▸ Activity
Please produce an exact copy of only the lines from the one with "Other French Pair" through the last one of the material, without pictures.

▸ Dataset excerpt

···

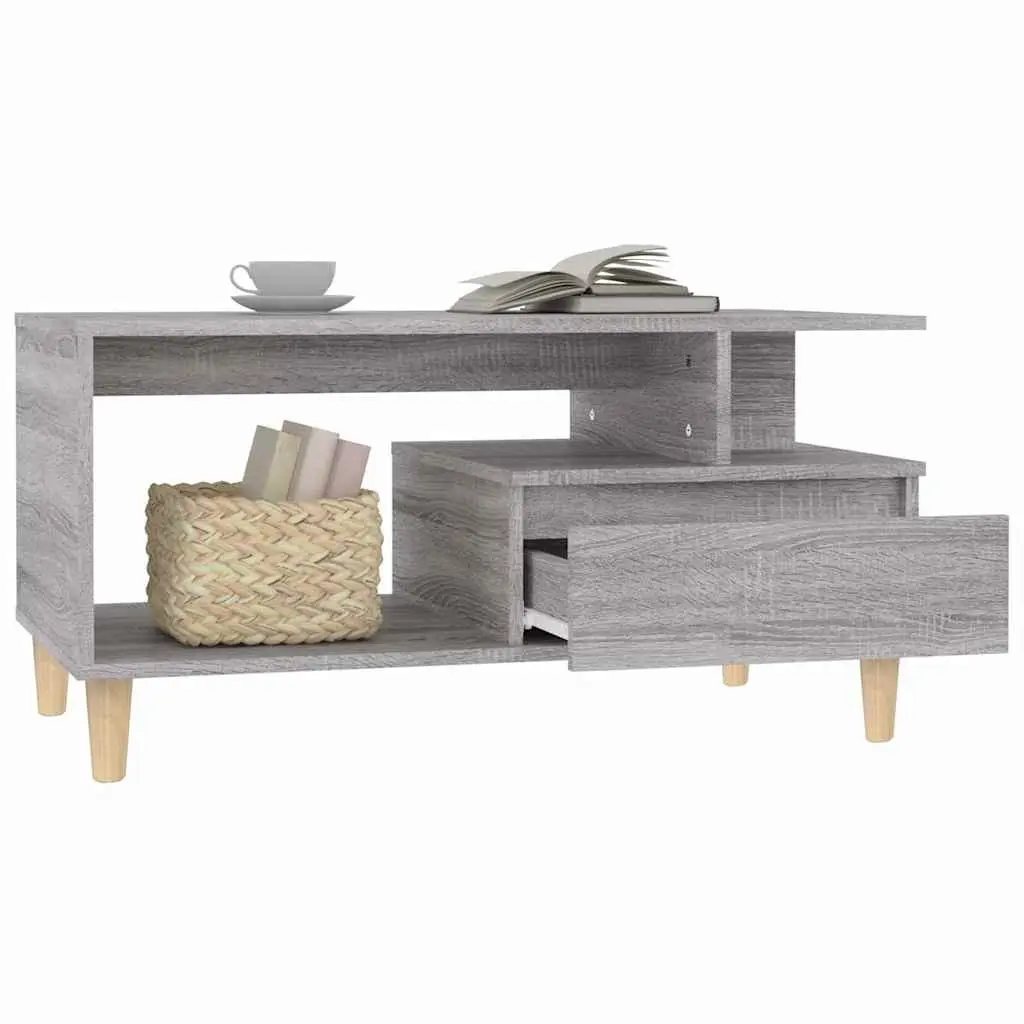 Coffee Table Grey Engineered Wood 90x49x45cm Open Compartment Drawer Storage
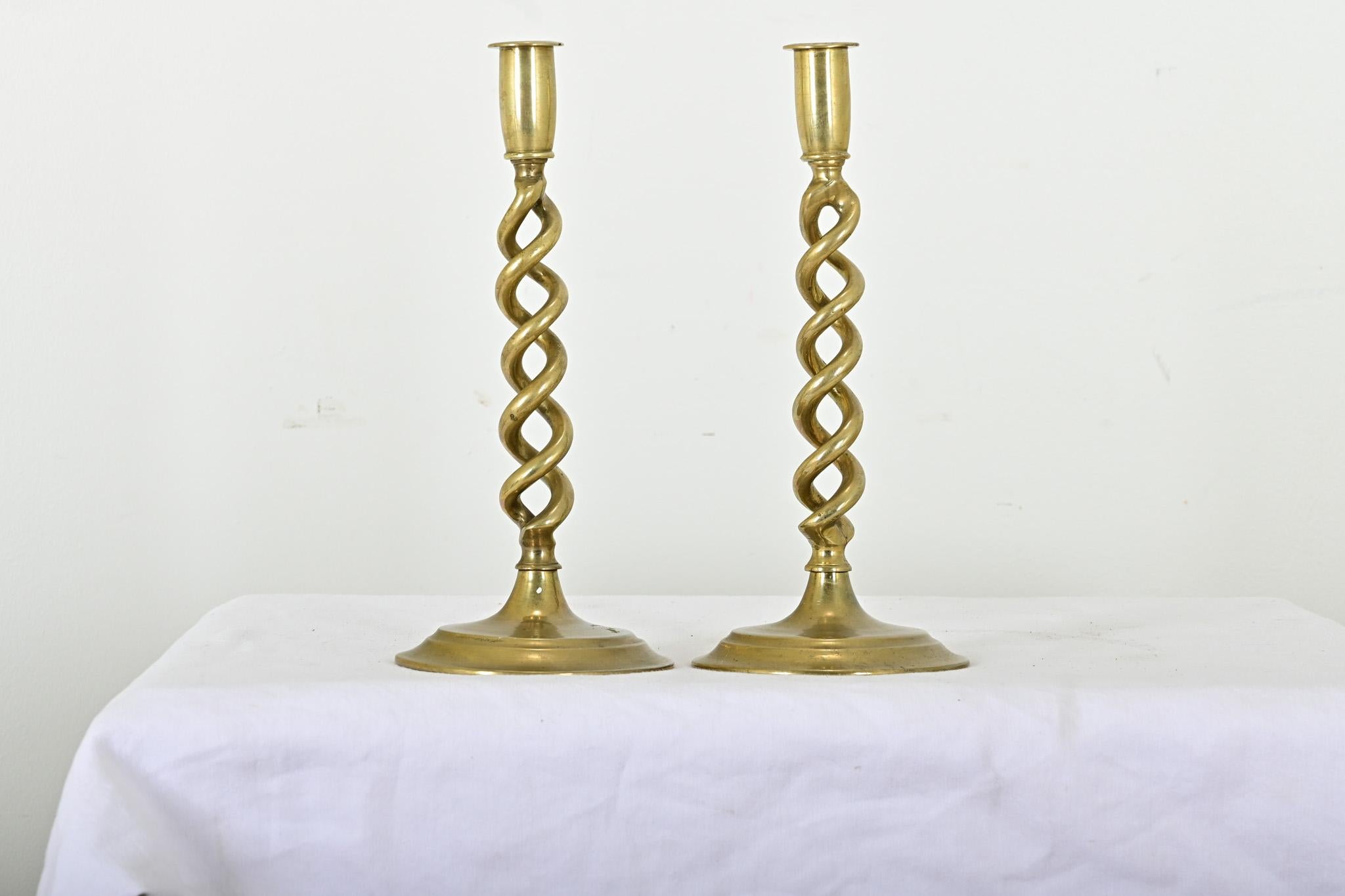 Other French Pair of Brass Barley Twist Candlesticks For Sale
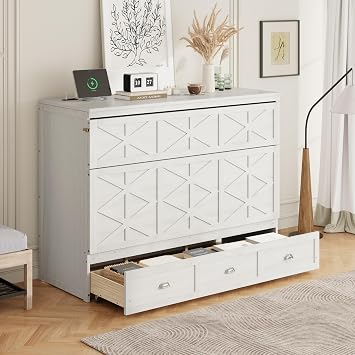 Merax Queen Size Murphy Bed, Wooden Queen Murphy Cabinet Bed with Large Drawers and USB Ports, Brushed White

···

▸ Response to the exercise
 Other French Pair of Brass Barley Twist Candlesticks For Sale
 Merax Queen Size Murphy Bed, Wooden Queen Murphy Cabinet Bed with Large Drawers and USB Ports, Brushed White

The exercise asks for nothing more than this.